What is needed is an exact reproduction of the lines from the one that contains "Pokemon TCG Togekiss" through the end of the data, both included and nothing else, with pictures omitted.
(Recorded information Opens)
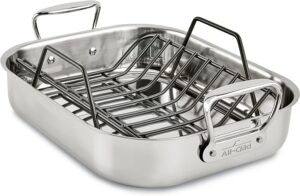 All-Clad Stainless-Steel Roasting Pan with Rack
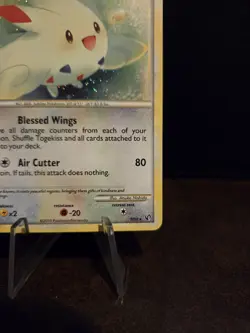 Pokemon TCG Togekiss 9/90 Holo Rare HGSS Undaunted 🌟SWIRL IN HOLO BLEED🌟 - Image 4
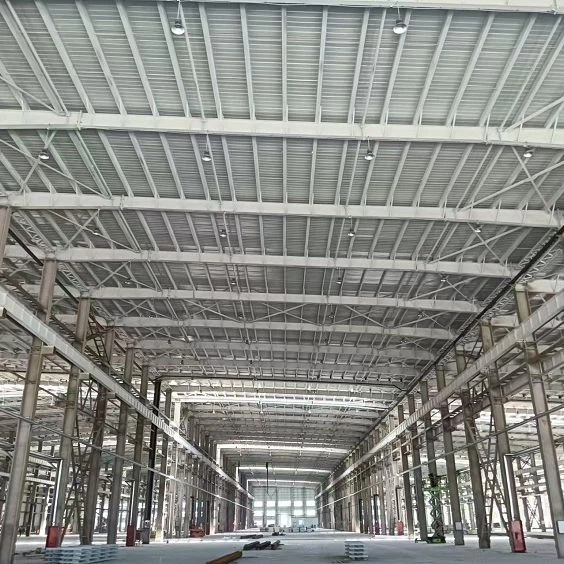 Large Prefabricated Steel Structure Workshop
(Recorded information Closes)
• _The answer_
 Pokemon TCG Togekiss 9/90 Holo Rare HGSS Undaunted 🌟SWIRL IN HOLO BLEED🌟 - Image 4
 Large Prefabricated Steel Structure Workshop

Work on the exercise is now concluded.